Le porte-parole de la Coalition avenir Québec en matière d'éducation, Éric Caire, a déposé hier une motion à l'Assemblée nationale exigeant le respect des injonctions prononcées par les tribunaux qui permettent aux étudiants qui le souhaitent d'assister à leurs cours. Malheureusement, cette motion a été bloquée par les autres partis. Ainsi, les 125 élus de l'Assemblée nationale n'ont pas pu envoyer un signal clair à l'égard du respect des décisions des tribunaux qui ont émis ces injonctions.
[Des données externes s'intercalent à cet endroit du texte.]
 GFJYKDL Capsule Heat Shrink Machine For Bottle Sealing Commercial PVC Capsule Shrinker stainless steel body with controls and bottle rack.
L'incapacité du Parti québécois et du Parti libéral à être clairs sur cette question n'est pas sans danger, car elle  laisse entendre qu'il peut être acceptable de défier les décisions des tribunaux et de ne pas respecter nos lois. Il est très regrettable que ces deux vieux partis cultivent une telle ambiguïté, car ce sont les étudiants qui veulent obtenir leur diplôme qui en paient le prix. La position de la Coalition avenir Québec est claire : il faut faire respecter les injonctions prononcées par les tribunaux. Nous affirmons haut et fort que le droit à l'éducation ne doit pas être brimé et que les étudiants doivent être libres d'assister à leurs cours. Au lieu de tergiverser, les autres partis devraient joindre leur voix à la nôtre.